Elle venait de lui confier sa connaissance d’une manipulation humaine sur autrui dans le cadre d’une thèse en démonologie, afin d’étudier les croyances des gens envers les esprits. Elle lui parla de l’hologramme d’un serpent, reproduisant l’effet miroir d’une confidence passée sur sa peur des petits serpents, combattue en affrontant sa peur directement avec un grand serpent. Elle lui parla d’autres maux cruaux.
— « C’est sûrement parce que vous avez porté le serpent sur vous, car il est le diable ! » Dit-il, tête baissée dans sa réflexion et perturbé par ce qu’il venait d’entendre.
Encore une fois, le féminin descendant de la lignée vitale était encore désigné coupable, malgré qu’il venait pourtant de reconnaitre que ce qu’elle avait subi était du sadisme, mot qu’elle-même n’aurait pas pensé jusqu’à là pour expliquer ce qu’elle avait vécu. Mais elle eut le réflexe de répliquer, car elle ne pouvait pas laisser passer une telle ineptie.
— « Et le bâton de Moïse alors ? Vous croyiez que c’était le diable ? Pourtant, il s’est transformé en serpent, non ? »

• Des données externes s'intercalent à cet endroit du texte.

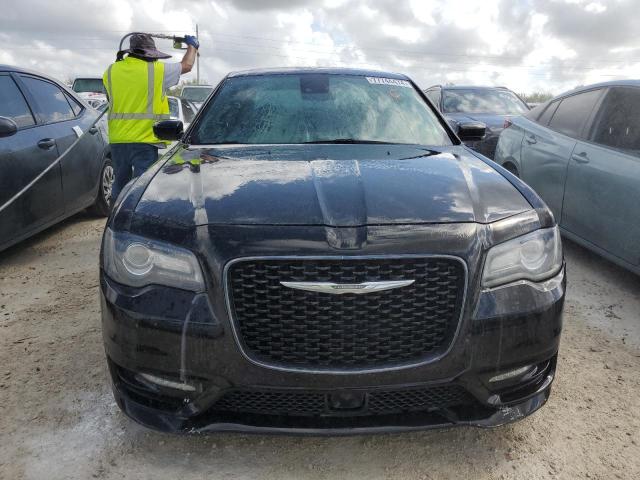 Photo 5 from auction – 2018 CHRYSLER 300 S with VIN 2C3CCABG5JH285574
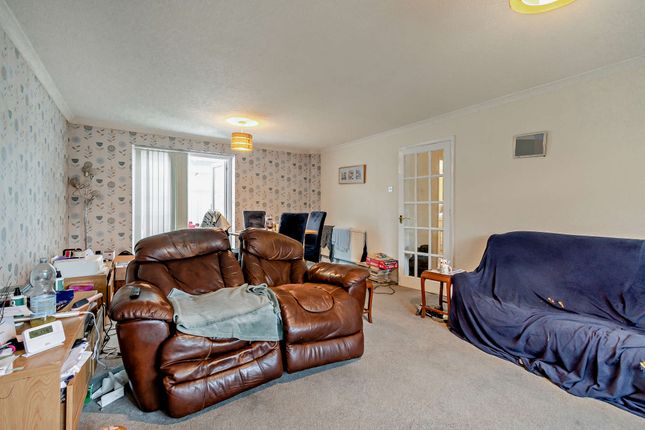 21, Pennine Close, Oadby photo 3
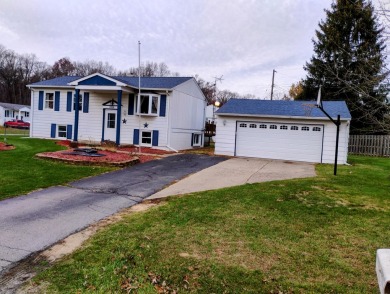 Lake Home Sale Pending in Jackson, Michigan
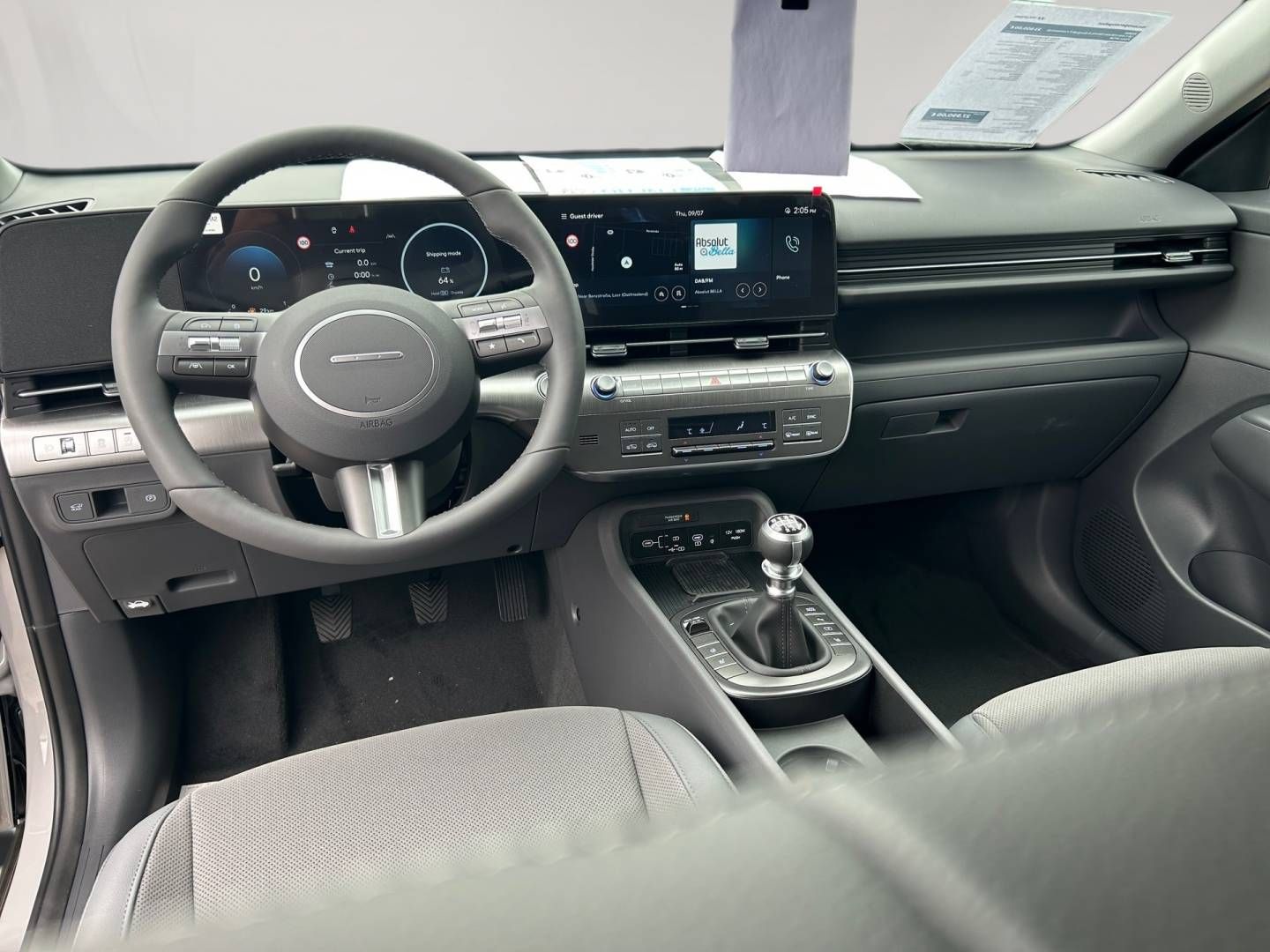 Fahrzeugabbildung Hyundai KONA 1.6 T-GDI (150 PS) Prime Teilleder, Navi, L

Le prêcheur la regarde, un doigt sur les lèvres, s’empêchant de parler pour l’écouter, ne pouvant dire que c’était faux ni que c’était vrai. Son regard semblait avoir, en un trait, changé sa perception sur un animal qu’il pensait 100 % diabolique.

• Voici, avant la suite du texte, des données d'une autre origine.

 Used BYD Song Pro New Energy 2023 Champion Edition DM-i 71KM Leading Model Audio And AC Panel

— « Et le caducée médical ? Le serpent peut tuer avec son venin, mais il peut aussi être l’antivirus ! Le serpent dont vous parlez dans la genèse, c’est le sexe de l’homme ! Adam est l’ADN, le commencement de la chaine et Eve est la vie et à eux deux, ils ont fait l’humanité. »
— « Mais la Bible dit pourtant que… »
— « La bible ne se lit pas que dans un sens. À ce sujet, ce sont les juifs qui ont raison, il y a plusieurs grilles de lecture et pas seulement une à prendre au pied de la lettre dans un sens littéral. Il y a des paraboles. Jésus lui-même parlait en parabole. »
— « Oui… »
— « L’histoire de la circoncision ne disait pas qu’il fallait se couper le sexe dans le sens littéral. C’était une parabole pour expliquer qu’il fallait se contrôler et ne pas être esclave de ses pulsions, ne pas violer, coucher sans retenu, l’infidélité, etc. Ça dit de se couper le sexe plutôt que de devenir criminel, comme ça dit de s’ôter le cœur plutôt que de ne pas aimer. Ça ne veut pas dire qu’il faut couper son sexe ou le cœur, mais de ne rien faire si on n’est pas capable de se maitriser. Faire la circoncision de sa langue pour ne pas être vulgaire signifie se taire plutôt que de blesser avec une langue acérée. »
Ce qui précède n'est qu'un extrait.